Information on the RapperEdit
Here's an eight-part melody of hate, you cardboard-cutout brat: Abort your efforts like the spawn of your Satanic Rankin/Bass, For I ain't cynical in saying that all I hear from you is crap; If thunder's what you're spitting, you can call these raps my Franklin Badge! A bigger pain inside your ass than a visit from aliens, So shut your mouth before I open it like a Canadian's! Make Minchmeat out of me? You're Andonuts if you think you could manage, So buzz off, lest you be bitch-smacked with a "SMAAAASH!" for mortal damage!
You're full of Poo, and no prince, either; more akin to Mr. Hankey. Wrecking you rivals your mother, it's so easy; spanky-spanky! I've rolled with blue-power groups, but they at least didn't worship Hitler! You resent being labelled "fat", yet truly, your bone couldn't be littler.

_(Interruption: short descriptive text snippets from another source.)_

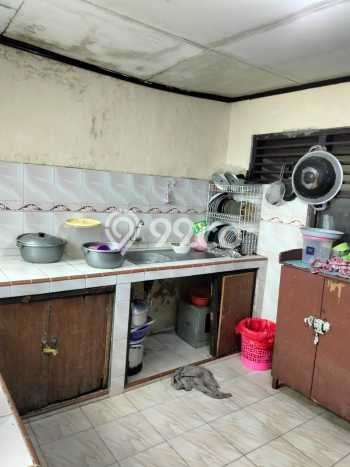 Rumah Luxury Modern Tanpa Renovasi di Tomang Jakarta Barat Rumah Luxury Modern Tanpa Renovasi di Tomang Jakarta Barat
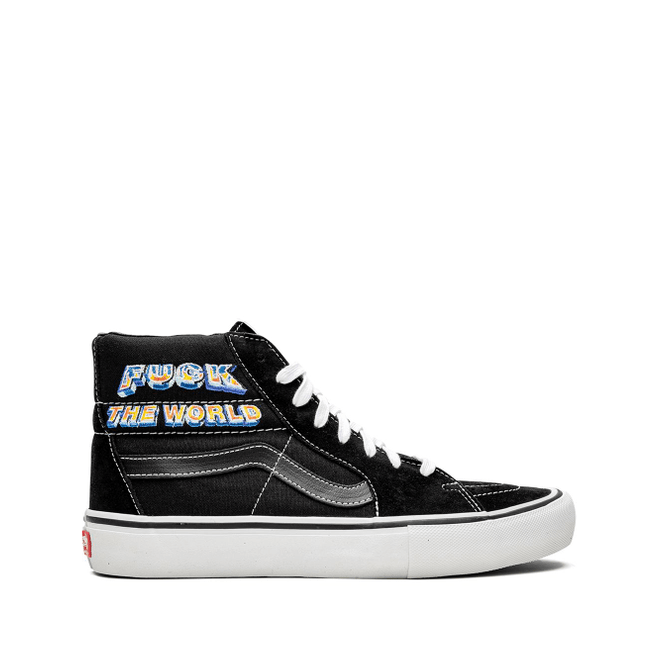 Vans Sk8-Hi Pro VN0A45JDSY1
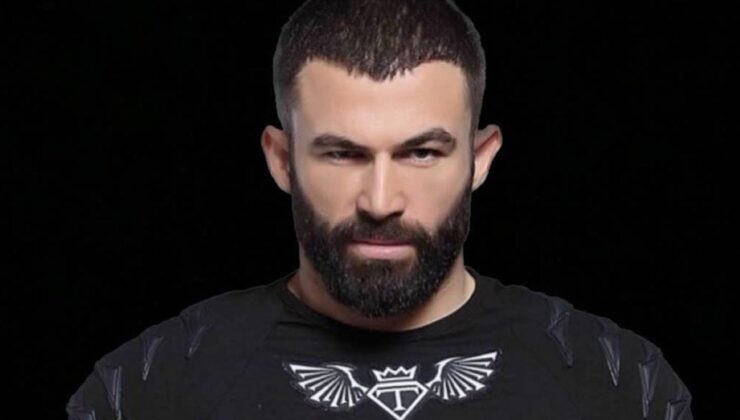 Polis memuru şehit edilmişti: Ruhsatsız silah çetesinden Survivor Turabi çıktı!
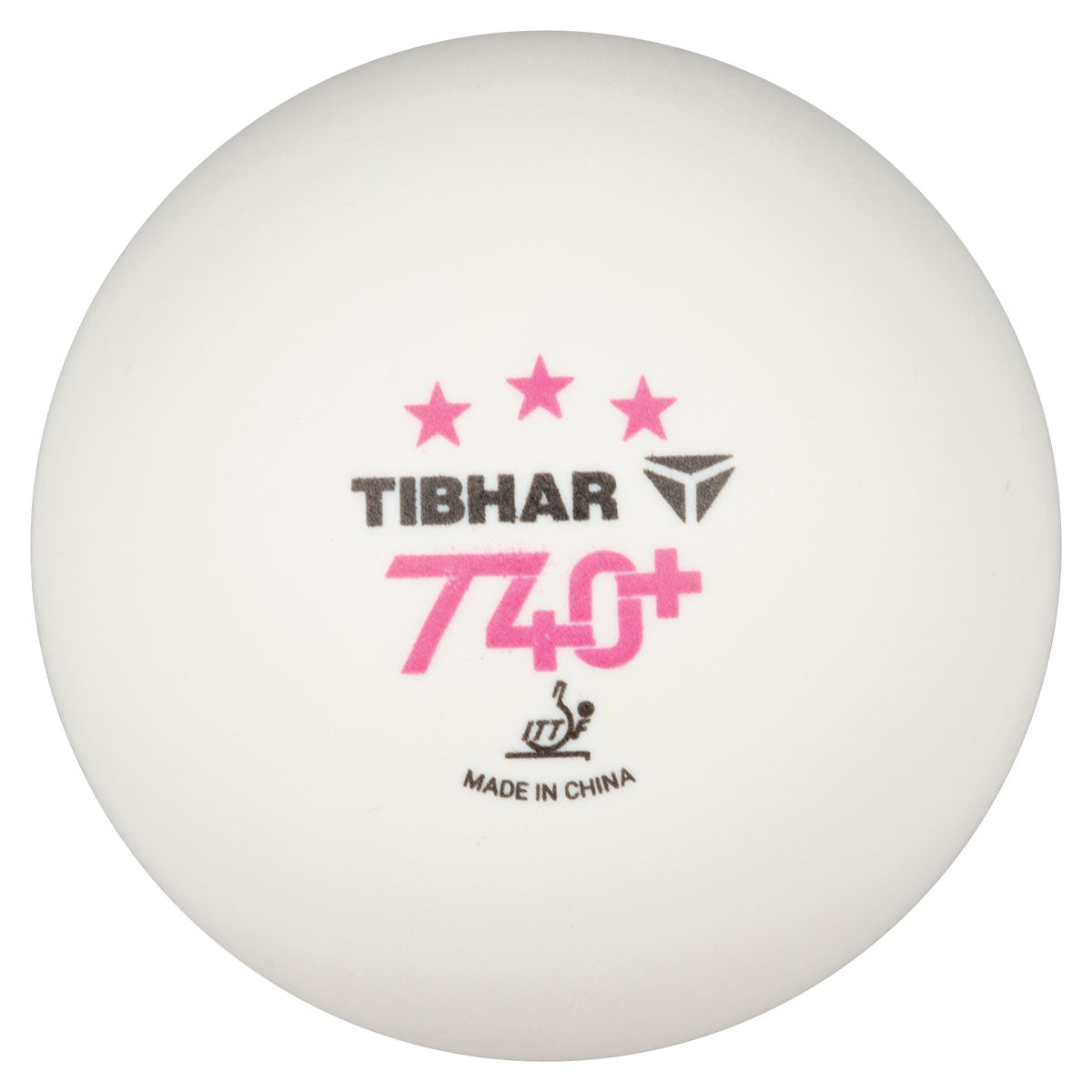 Tibhar T40+ ***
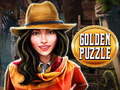 Spel Golden Puzzle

Well, let's be honest: we're both corpulent, cruel creeps. Indeed, this match Is like the Special Olympics: in either race, you finish last, And you owe more to status quo than any boy band's debts, you freak; Got the Ass-Burgers beaten out you by a girl, you're so damn weak! Moonside's the only place I'd answer your dictations with a "yes"; I'm flowing with mach-speed delivery: Escargo Express-esque, And that two-hundredth episode got screwed by Islamistic pressure, But your fat face is the blasphemy they really ought to censor!

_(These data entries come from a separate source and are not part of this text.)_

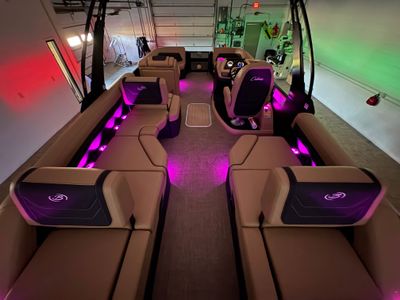 2026 Barletta Cabrio C22M - Photo 6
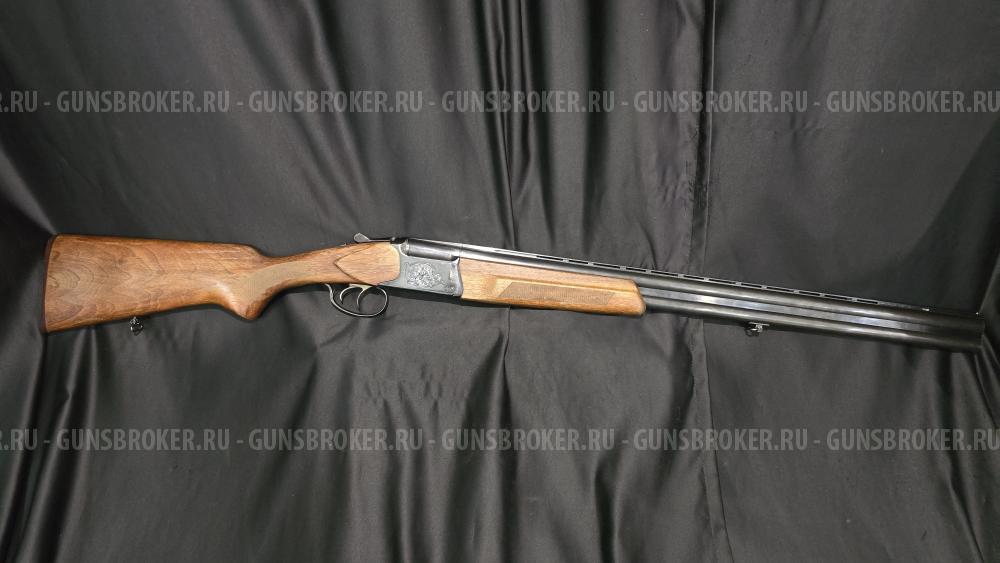 ИЖ-27ЕМ-М, кал.12/76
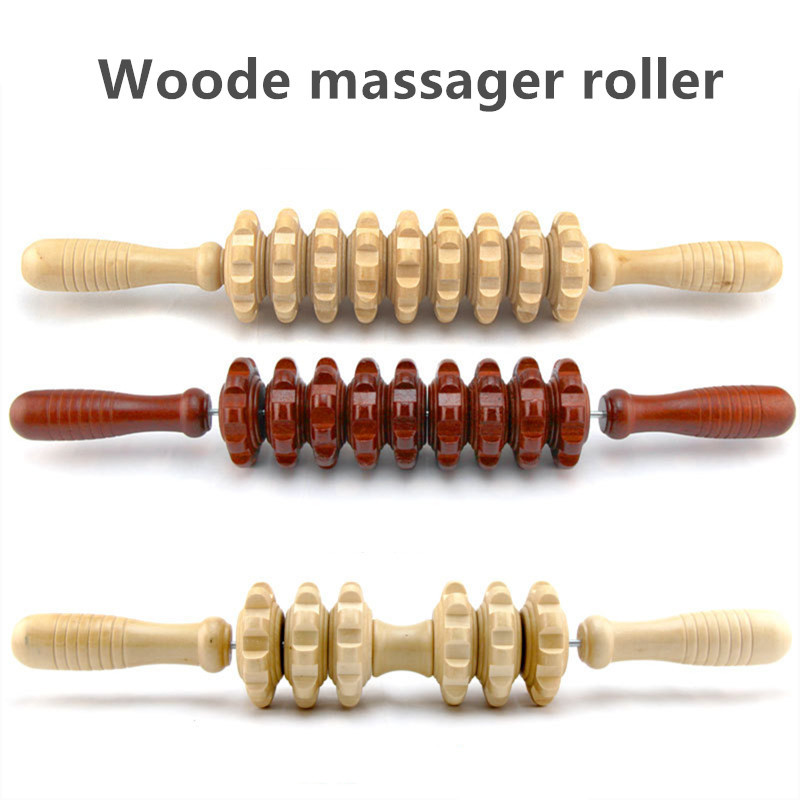 madera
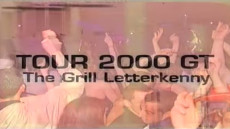 The Grill Letterkenny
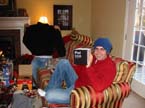 2003 12 Brian's IPod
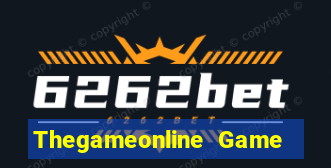 Thegameonline Game Bài Nổ Hũ Uy Tín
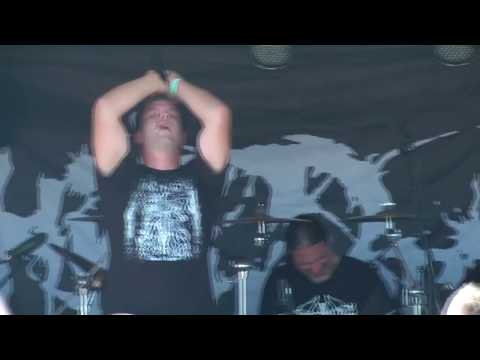 High Purity - HIGH PURITY - Křížem Krážem Mrazem, Zloba, Blinded by Fear(At th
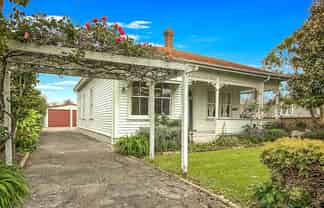 111 Rolleston Street, Thames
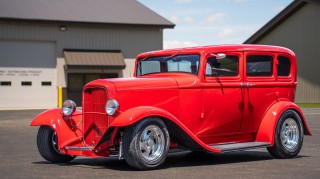 Image for 1932 Ford Custom  ID: 6700001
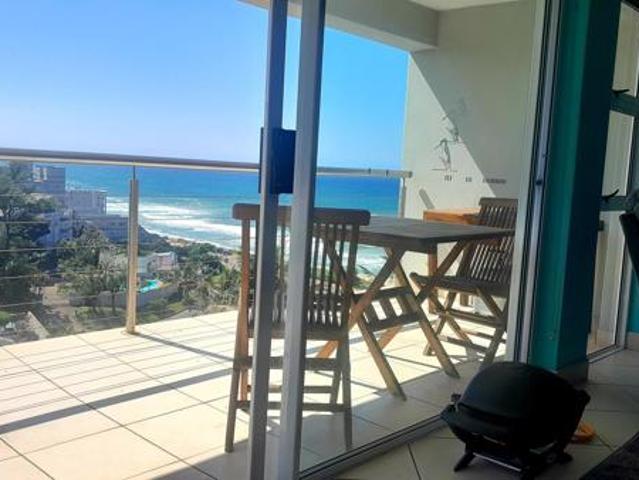 1 Bedroom Apartment in Umdloti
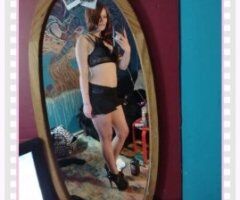 Portland Female Escort — White Girl with Curvy Build - Image 2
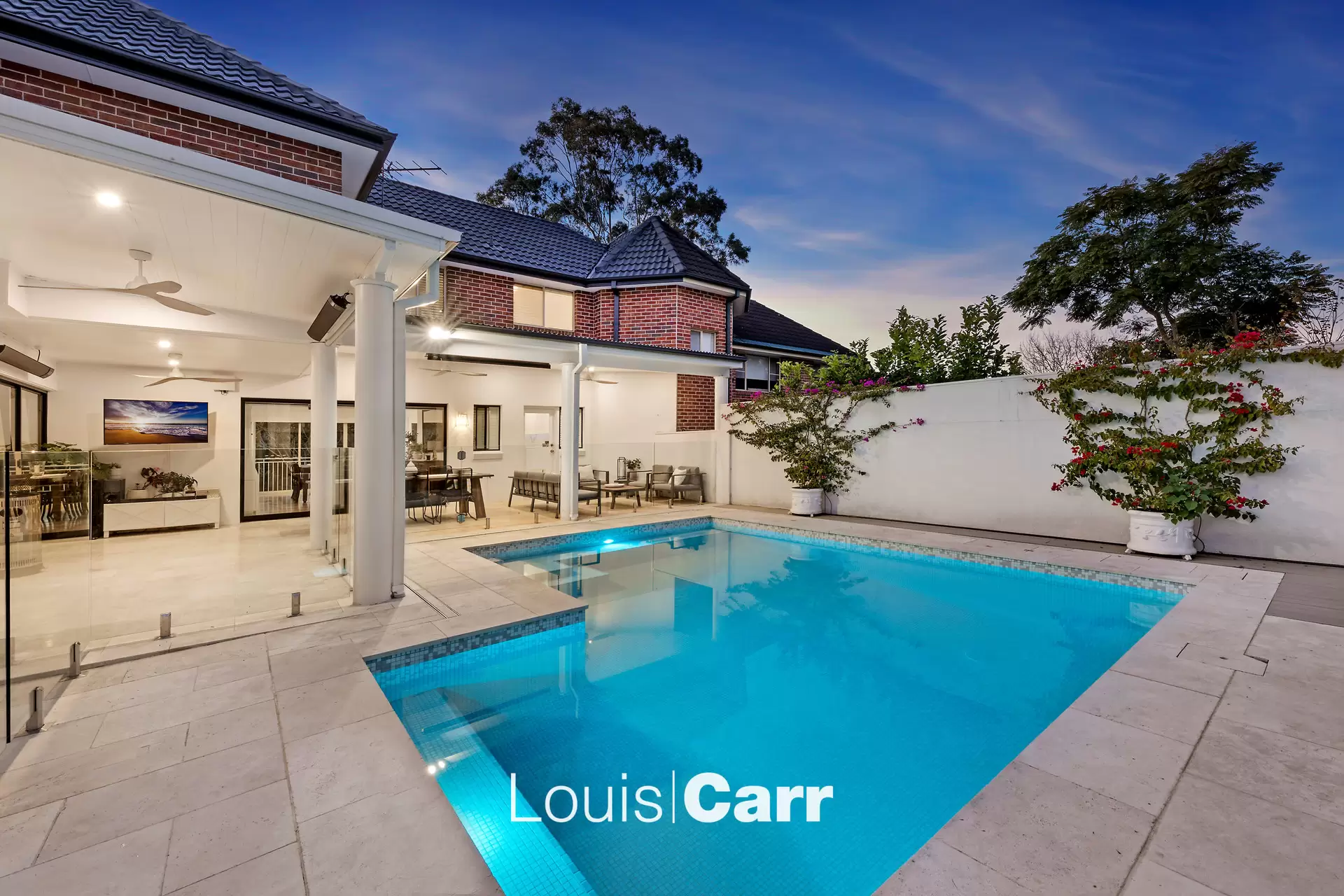 1 Excelsior Avenue, Castle Hill NSW, Castle Hill - Thumbnail 8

You put on a less appealing act than Butters' wack tap dancing; Only half-ginger, yet of a soul, you haven't any fraction! That'll make it all the easier to leave naught of you remaining, When I send your mind and body into Mu, and not as training!
You lived through getting thrown beneath the bus, but listen here, M'kay: You'll be gone sooner than a hundred bucks in the investment fray! You wanna Brawl with Porky? Better be prepared for consequences, For I need no Mr. Saturn to break right through your defenses…

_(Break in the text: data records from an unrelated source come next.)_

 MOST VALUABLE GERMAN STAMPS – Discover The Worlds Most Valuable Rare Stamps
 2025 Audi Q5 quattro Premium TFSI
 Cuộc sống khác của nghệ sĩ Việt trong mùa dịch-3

Behold: I'm sporting heavy arms to heavy metal, With an evil power on my side, though not your faggot devil. Welcome to the womb of woe, wherein awaits your final fight; You can consider yourself dead, and it's too late to make it right!
Boy, I'll drop you as hard as your own lame league! Props, though, on those garments: The costume's spot-on; looks just as if you found it in the garbage. Not-so-devious raccoon-ass; you should take a page from Sly, Because I mean business for realsies, and I'm not your buddy, guy!